The rendered document:

Here is the 2-stage Dockerfile:

FROM eddelbuettel/r2u:20.04 AS builder
RUN apt-get update && apt-get install -y --no-install-recommends \
    pandoc \
    && rm -rf /var/lib/apt/lists/*
RUN install.r shiny rmarkdown flexdashboard dplyr
WORKDIR /root
COPY runtime-static .
RUN R -e "rmarkdown::render('index.Rmd', output_dir = 'output')"

FROM nginx:alpine
COPY --from=builder /root/output /usr/share/nginx/html
CMD ["nginx", "-g", "daemon off;"]

The 1st stage looks familiar, except we don't worry about being the root user for the build step. We name this stage builder using AS {name} after the FROM instruction.

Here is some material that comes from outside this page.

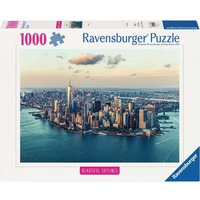 Puzzle Beautiful Skylines - New York 1000 Teile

The 2nd stage uses another FROM instruction, and we specify that we COPY from the builder stage: --from=builder. We grab all the rendered HTML and move it to the Nginx HTML folder to be served by the file server.

We just took advantage of the R build environment to render the document, and we ended up with a minimal-sized image (24.3MB) with the static content inside.

Build and run:

docker build -f Dockerfile.static -t psolymos/rmd:static .

docker run -p 8080:80 psolymos/rmd:static

Multi-stage build with the OpenFaaS Watchdog

Another option is to use the static mode of the of-watchdog from the OpenFaaS project.

The of-watchdog implements a HTTP server listening on port 8080, and acts as a reverse proxy for running functions and microservices. It can be used independently, or as the entrypoint for a container with OpenFaaS.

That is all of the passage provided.